The Human Genome Project, Part 3

The Ethics Behind the Human Genome Project 

What are the implications of the Human Genome Project?

The HGP has differing levels of importance to different people. Many scientists feel it is a huge and necessary endeavor that will change the face of science. Some believe it is an act of wasteful spending on another useless government project. But no matter how one feels about the HGP, it will impact the world. If successful, the HGP will have produced a high quality reference for all the genes in the human body by 2003. All the genetic material that determines what diseases we are susceptible to, what physical and mental traits we have inherited and what behaviors we are genetically determined to express will be mapped and quantified. This will conceivably allow a new explosion of medical research and treatment options, but will also raise important ethical concerns.

There are many socio-ethical implications of the HGP. 
Three of the most important ones
1. Behavioral Genetics
2. Gene Testing/Therapy
3. Privacy Issues


What are some ethical issues involved with the Human Genome Project? 

As more genes are identified, the field of behavioral genetics becomes more complicated. If genes that indicate susceptibility for criminality, intelligence, or homosexuality are discovered, how should our society respond? 

Should our court system take a genetic disposition for crime into account during trial or sentencing? Instead of jail time, should doctors attempt to use gene therapy to remove the disposition towards violence? What should be done if the crime is non-violent? Should doctors attempt to alter a bank robber's or drug user's genome? 

Should or could employers know their employees' genetic potential for intelligence or criminality? Could hiring practices be based on such knowledge? Would people be punished for acts they never committed, simply because they have a genetic predisposition to commit them? Should laws be written banning such practices and ensuring privacy?

Should the government prevent insurance companies from demanding this genetic information from their customers? If the government does not intervene, would the insurance companies simply deny coverage to healthy people that may simply have the genetic potential for developing a particular disease? 

What is this debate based on? Where is it going?

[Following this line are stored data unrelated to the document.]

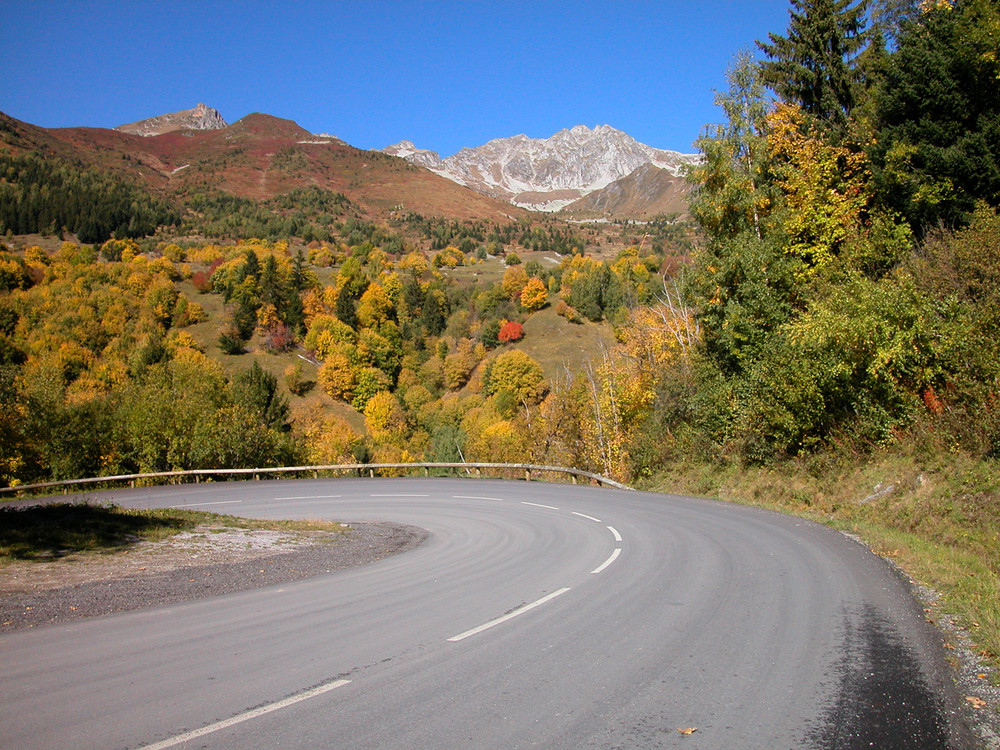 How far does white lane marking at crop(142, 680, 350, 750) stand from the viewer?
13.6 feet

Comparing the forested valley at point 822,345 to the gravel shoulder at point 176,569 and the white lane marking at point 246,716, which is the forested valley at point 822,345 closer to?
the white lane marking at point 246,716

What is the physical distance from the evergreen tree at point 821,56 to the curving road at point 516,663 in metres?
26.0

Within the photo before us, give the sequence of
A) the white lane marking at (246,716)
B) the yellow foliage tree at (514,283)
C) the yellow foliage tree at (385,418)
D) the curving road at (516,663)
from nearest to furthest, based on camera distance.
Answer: the white lane marking at (246,716), the curving road at (516,663), the yellow foliage tree at (385,418), the yellow foliage tree at (514,283)

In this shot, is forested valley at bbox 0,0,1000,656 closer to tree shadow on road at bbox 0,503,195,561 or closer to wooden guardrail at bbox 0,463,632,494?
wooden guardrail at bbox 0,463,632,494

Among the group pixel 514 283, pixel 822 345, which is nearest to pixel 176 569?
pixel 822 345

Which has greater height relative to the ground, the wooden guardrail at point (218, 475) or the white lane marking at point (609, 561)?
the white lane marking at point (609, 561)

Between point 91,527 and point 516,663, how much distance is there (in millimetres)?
10566

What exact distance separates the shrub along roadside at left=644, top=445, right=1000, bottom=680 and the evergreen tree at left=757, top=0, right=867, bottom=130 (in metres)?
17.4

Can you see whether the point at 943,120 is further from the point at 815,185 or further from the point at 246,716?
the point at 246,716

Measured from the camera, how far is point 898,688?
497 centimetres

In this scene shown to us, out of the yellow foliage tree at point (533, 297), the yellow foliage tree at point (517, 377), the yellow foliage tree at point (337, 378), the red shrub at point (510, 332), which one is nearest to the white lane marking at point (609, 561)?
the yellow foliage tree at point (517, 377)

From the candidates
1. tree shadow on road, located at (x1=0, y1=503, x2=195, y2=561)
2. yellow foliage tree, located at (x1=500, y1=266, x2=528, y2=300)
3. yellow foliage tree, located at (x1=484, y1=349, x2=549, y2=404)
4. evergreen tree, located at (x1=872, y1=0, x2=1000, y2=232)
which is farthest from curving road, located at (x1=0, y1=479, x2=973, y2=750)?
yellow foliage tree, located at (x1=500, y1=266, x2=528, y2=300)

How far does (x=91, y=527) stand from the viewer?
490 inches

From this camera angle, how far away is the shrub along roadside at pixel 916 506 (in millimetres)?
7793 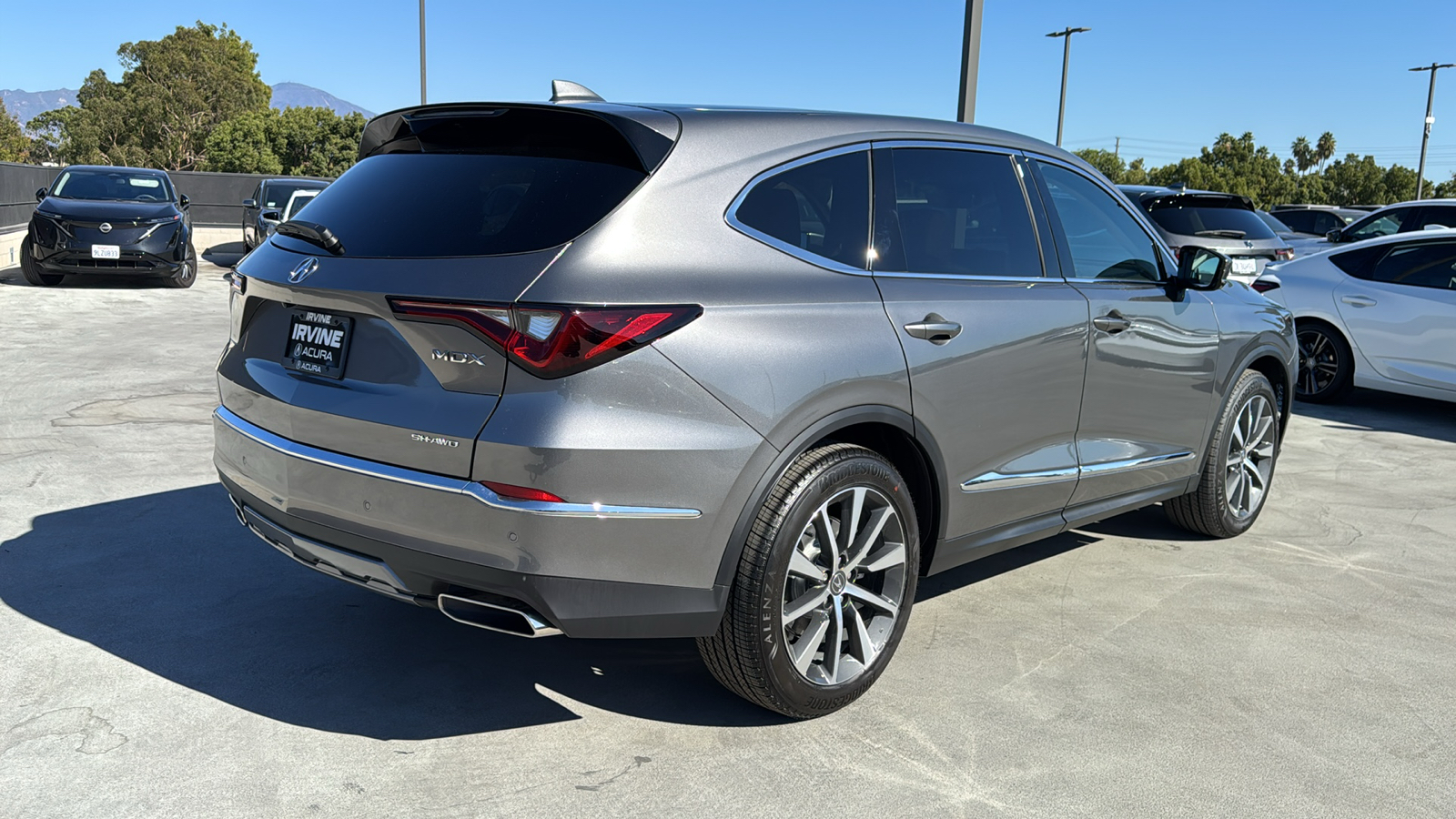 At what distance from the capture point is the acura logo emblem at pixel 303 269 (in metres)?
3.30

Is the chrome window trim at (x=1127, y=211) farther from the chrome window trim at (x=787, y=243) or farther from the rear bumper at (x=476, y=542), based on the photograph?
the rear bumper at (x=476, y=542)

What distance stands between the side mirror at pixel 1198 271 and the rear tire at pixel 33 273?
49.2 feet

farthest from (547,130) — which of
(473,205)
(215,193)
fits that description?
(215,193)

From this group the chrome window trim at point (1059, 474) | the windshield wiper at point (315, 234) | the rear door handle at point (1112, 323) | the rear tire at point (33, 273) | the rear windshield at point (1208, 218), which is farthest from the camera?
the rear tire at point (33, 273)

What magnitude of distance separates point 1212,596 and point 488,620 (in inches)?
125

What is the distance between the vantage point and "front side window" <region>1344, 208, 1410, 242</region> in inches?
565

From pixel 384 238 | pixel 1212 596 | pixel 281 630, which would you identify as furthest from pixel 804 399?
pixel 1212 596

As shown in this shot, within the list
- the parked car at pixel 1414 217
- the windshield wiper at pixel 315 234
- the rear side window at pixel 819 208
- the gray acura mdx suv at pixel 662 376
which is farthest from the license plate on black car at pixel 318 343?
the parked car at pixel 1414 217

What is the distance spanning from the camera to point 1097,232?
4660mm

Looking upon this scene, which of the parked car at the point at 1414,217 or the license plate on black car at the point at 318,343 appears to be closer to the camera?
the license plate on black car at the point at 318,343

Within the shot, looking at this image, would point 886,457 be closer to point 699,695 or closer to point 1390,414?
point 699,695

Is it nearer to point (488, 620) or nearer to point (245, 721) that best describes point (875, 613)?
point (488, 620)

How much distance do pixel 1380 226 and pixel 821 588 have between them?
1586 cm

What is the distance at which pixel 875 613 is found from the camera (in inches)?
144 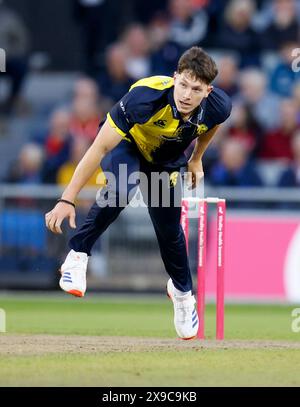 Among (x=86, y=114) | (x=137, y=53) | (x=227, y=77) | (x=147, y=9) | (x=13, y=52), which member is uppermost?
(x=147, y=9)

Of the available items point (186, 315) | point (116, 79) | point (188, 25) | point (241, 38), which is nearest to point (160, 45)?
point (188, 25)

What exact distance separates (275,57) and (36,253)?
15.2 feet

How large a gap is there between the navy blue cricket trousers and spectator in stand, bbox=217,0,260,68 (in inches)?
354

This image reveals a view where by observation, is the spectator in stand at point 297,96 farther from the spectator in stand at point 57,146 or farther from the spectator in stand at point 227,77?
the spectator in stand at point 57,146

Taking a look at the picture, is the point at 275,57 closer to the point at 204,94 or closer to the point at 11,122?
the point at 11,122

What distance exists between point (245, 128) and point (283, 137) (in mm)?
530

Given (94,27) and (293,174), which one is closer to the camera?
(293,174)

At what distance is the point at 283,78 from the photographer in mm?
17734

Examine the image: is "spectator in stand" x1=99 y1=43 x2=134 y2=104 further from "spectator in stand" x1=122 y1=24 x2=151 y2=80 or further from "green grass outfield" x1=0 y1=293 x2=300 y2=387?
"green grass outfield" x1=0 y1=293 x2=300 y2=387

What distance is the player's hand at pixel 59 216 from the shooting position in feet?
25.7

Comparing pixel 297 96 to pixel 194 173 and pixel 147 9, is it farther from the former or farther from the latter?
pixel 194 173

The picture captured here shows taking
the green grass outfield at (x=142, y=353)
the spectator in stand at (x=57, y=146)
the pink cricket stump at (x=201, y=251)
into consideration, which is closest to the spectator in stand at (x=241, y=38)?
the spectator in stand at (x=57, y=146)

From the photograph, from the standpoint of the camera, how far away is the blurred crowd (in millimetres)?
16750

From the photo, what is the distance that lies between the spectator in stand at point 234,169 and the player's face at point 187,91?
8.05 metres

The various specific socio-ethical decisions that our society must make are based on a few fundamental points:

Ethical, Legal, and Social Implications (ELSI) Research Program

The U.S. Department of Energy (DOE) and the National Institutes of Health (NIH) have devoted 3% to 5% of their annual Human Genome Program budgets toward studying the ethical, legal, and social issues (ELSI) surrounding availability of genetic information. This represents the world's largest bioethics program and has become a model for ELSI programs around the world. The pyramid below depicts the Ethical, Legal, and Social Implications (ELSI) Research Program goals for 1998-2003. 



The first goal, at the top of the pyramid, deals with the issues around the completion of the first human DNA sequence and the study of human genetic variation, making concrete the vision that the advances in genome science will be an important factor contributing to the ELSI research agenda. The second and third goals focus on the integration of the information generated by these new discoveries into clinical, non clinical, and research settings. The fourth goal examines the interaction of this information with philosophical, theological, and ethical perspectives. Finally, providing the foundation for all of these explorations is the fifth goal, examining how the understanding and use of genetic information are affected by socioeconomic factors and concepts of race and ethnicity. 

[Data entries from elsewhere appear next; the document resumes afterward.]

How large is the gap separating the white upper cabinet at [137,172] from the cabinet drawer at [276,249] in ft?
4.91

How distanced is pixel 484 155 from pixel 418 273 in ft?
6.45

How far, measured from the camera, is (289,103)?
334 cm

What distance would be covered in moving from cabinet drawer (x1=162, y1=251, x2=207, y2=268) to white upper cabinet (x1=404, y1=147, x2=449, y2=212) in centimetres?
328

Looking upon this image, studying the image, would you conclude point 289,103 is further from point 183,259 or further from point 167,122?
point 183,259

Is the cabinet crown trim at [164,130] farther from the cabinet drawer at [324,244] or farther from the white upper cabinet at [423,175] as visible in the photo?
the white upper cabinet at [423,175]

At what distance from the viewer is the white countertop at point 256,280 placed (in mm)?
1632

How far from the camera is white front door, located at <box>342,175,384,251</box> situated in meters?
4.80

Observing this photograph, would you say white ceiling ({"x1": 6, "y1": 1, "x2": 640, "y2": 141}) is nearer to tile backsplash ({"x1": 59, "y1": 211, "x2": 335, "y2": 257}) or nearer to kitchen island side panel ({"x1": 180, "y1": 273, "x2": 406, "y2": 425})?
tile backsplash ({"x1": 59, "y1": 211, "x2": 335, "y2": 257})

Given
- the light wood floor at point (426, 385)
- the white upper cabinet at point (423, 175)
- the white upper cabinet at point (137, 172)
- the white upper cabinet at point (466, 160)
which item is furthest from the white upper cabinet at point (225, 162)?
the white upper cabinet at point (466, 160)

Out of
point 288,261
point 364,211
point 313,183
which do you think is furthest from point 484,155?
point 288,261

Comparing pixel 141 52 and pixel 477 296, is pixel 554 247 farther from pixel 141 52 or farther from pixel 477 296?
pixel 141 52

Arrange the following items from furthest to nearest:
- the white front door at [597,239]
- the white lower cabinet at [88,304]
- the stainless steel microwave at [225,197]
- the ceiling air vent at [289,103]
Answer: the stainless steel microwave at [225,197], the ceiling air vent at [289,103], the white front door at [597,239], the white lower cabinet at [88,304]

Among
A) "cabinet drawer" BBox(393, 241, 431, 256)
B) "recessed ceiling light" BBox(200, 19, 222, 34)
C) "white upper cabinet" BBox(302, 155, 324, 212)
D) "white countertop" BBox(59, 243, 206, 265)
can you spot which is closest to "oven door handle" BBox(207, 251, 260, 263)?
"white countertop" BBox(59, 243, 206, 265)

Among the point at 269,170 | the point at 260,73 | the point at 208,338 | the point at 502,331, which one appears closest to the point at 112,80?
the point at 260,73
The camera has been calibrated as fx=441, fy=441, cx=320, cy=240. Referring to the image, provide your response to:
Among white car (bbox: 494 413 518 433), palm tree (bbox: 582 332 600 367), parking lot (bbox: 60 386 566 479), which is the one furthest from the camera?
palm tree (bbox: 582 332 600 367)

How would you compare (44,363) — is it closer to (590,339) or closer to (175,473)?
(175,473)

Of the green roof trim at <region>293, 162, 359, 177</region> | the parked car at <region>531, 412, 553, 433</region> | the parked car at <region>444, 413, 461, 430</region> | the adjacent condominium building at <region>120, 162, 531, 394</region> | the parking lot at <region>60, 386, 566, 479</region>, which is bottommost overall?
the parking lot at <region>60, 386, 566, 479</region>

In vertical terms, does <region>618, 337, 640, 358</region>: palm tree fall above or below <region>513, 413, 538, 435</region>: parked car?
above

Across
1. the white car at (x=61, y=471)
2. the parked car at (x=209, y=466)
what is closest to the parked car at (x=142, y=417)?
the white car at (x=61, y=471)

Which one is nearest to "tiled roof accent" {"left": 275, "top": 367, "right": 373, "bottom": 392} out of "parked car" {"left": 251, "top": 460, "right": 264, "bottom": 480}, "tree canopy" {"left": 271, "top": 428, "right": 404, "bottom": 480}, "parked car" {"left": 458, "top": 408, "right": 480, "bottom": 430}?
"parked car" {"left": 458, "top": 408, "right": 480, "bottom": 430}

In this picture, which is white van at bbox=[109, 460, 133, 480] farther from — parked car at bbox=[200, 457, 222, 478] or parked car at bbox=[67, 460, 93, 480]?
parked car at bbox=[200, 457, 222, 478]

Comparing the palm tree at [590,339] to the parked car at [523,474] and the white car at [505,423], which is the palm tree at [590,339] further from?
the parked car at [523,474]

Links for more information

"A public dialogue is needed," said Craig Venter, one of the nation's top genome scientists. Just as this country has resolved many other socio-ethical dilemmas in the past through debate, legislation, activism, and the courts, it must also settle this one. 

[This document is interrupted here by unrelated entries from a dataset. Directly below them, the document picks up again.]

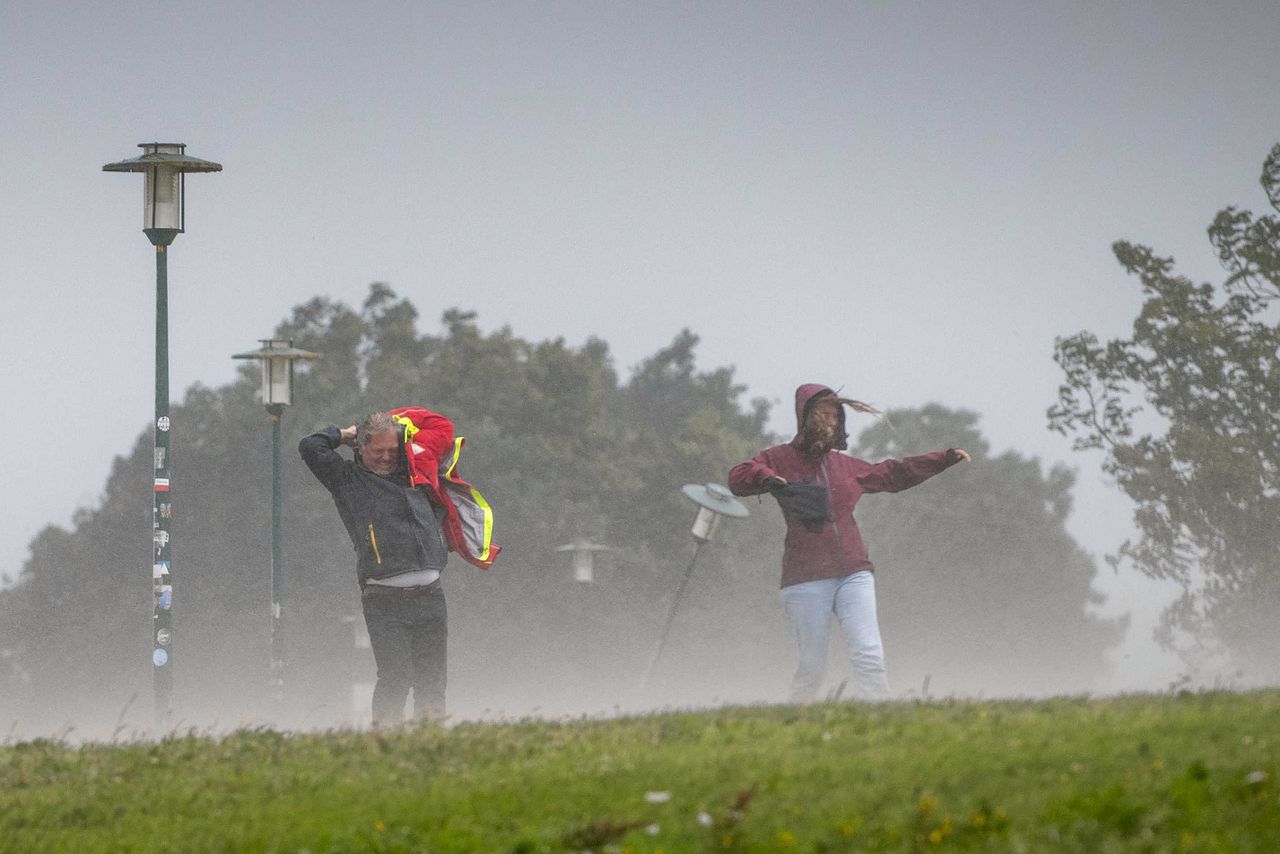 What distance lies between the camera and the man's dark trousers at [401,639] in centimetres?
1034

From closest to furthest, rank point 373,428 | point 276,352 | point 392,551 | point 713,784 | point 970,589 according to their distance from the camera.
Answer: point 713,784
point 392,551
point 373,428
point 276,352
point 970,589

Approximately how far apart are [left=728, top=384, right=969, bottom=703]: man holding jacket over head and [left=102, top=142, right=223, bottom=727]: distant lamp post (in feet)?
25.8

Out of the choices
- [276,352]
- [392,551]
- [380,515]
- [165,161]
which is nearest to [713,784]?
[392,551]

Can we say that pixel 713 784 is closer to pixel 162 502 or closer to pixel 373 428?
pixel 373 428

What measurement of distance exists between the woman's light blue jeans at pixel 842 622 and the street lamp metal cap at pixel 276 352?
47.8 ft

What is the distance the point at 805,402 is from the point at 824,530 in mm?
901

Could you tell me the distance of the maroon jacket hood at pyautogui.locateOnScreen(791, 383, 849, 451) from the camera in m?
11.4

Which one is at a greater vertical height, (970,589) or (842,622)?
(970,589)

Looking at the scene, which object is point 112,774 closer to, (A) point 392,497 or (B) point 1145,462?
(A) point 392,497

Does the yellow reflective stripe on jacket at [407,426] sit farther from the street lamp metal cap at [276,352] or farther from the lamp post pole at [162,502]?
the street lamp metal cap at [276,352]

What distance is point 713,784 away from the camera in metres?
7.04

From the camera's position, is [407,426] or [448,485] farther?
[448,485]

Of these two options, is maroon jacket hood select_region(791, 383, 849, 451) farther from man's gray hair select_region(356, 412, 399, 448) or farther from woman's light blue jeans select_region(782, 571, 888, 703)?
man's gray hair select_region(356, 412, 399, 448)

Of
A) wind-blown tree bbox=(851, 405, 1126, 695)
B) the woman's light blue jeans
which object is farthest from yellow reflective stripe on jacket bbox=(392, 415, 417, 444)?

Ethical, Legal, and Social Issues (ELSI), from the US National Institutes of Health

Ethical, Legal, and Social Issues (ELSI), from the US Department of Energy

The Institute for Behavioral Genetics

Article-Is our fate in our genes?

Council for responsible genetics

Biotechnology patents and new technologies

The National Human Genome Research Institute privacy legislation initiatives

The United Nations Educational, Scientific, and Cultural Organization (UNESCO): declaration on the human genome and human rights

Sources: The Human Genome project information pages funded by the DOE (www.ornl.gov/hgmis)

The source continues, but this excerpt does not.